Pero aún sin que medien duelos personales, la tristeza nunca está del todo lejos de quien está prestando atención. La lenta agonía del planeta, y nuestra indolencia para frenarla. La verdad esencial de que cada vínculo, cada logro, cada nuevo comienzo, trae en su seno la semilla de su declinación. En tiempos de luz, es fácil olvidarlo. “Perdemos tanta energía tratando de encubrir lo que somos, cuando detrás de cada actitud está el deseo de ser amados, detrás de cada enojo hay una herida que busca ser sanada, y debajo de cada tristeza está el temor de que no alcance el tiempo”, dice el autor y poeta Mark Nepo.
El otoño no nos llama a regodearnos en la pena, sino a escuchar la invitación de la tristeza: soltar, para rejuvenecernos. ¿Soltar qué? Lo que nos sobra, lo que nos queda chico, lo que ya no vive, lo que nos pesa. Podemos hacerlo sin miedo, a sabiendas de que lo que realmente importa vivirá de todos modos, por mucho que lo soltemos. “El verdadero adulto humano entrega todo por aquello que no puede perderse”, declara otra poeta, Jennifer Welwood. Paradójicamente, el acto de soltar, de dejar de resistirnos a lo inevitable, nos da fuerza para librar las batallas que sí valen la pena: paliar los sufrimientos evitables, combatir los atropellos, cuidar de nuestro prodigioso hogar, y todos sus integrantes.

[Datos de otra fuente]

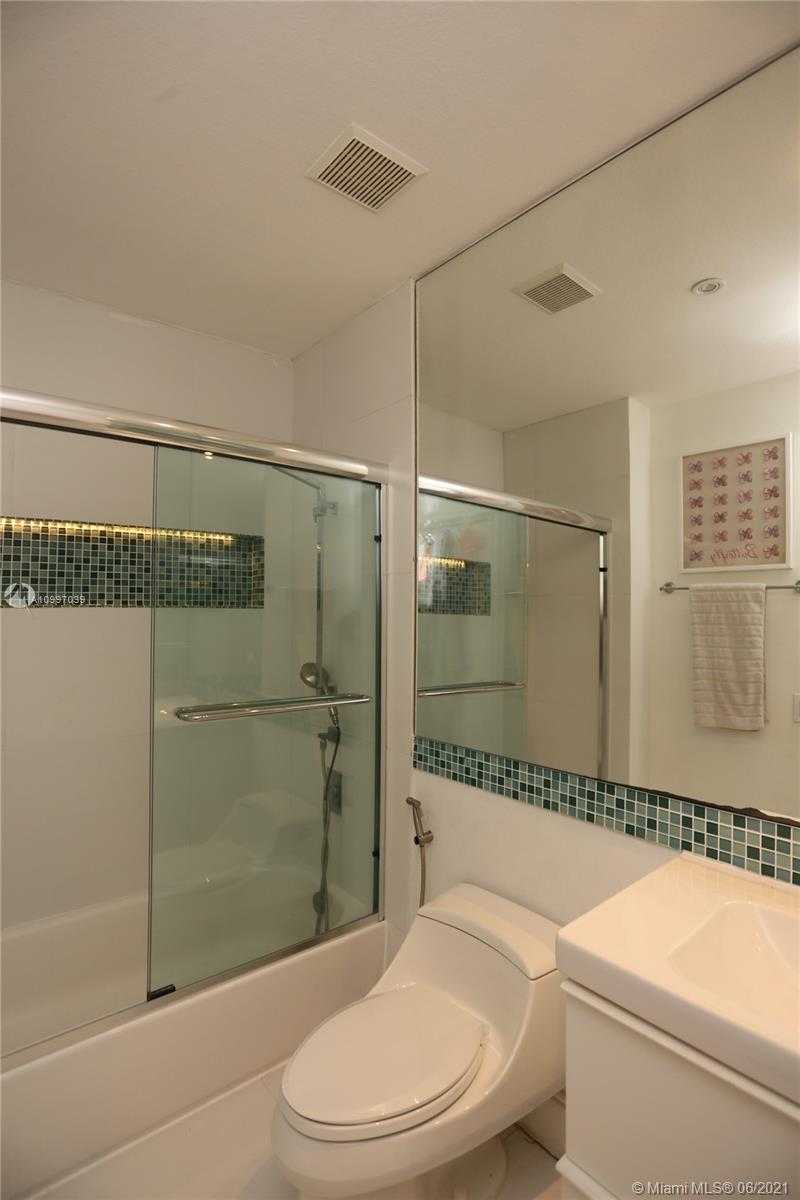 Small Image of 19959 NORTH EAST 36TH PL, Aventura Number 40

¿Qué hacer, entonces, con el frío que llega? Sacar las lanas del placard, poner a calentar la pava, abrigarnos con palabras sinceras. Respirar hondo, aflojarnos la ropa, hacer silencio. Y ver qué podemos entregar a la tierra hoy, junto con las hojas secas. Quizás sea la inercia, la inacción, las ganas de mirar para otro lado. Quizás sea un cúmulo de penas reprimidas. Quizás la misma tristeza que riega la tierra, la ayude a renacer.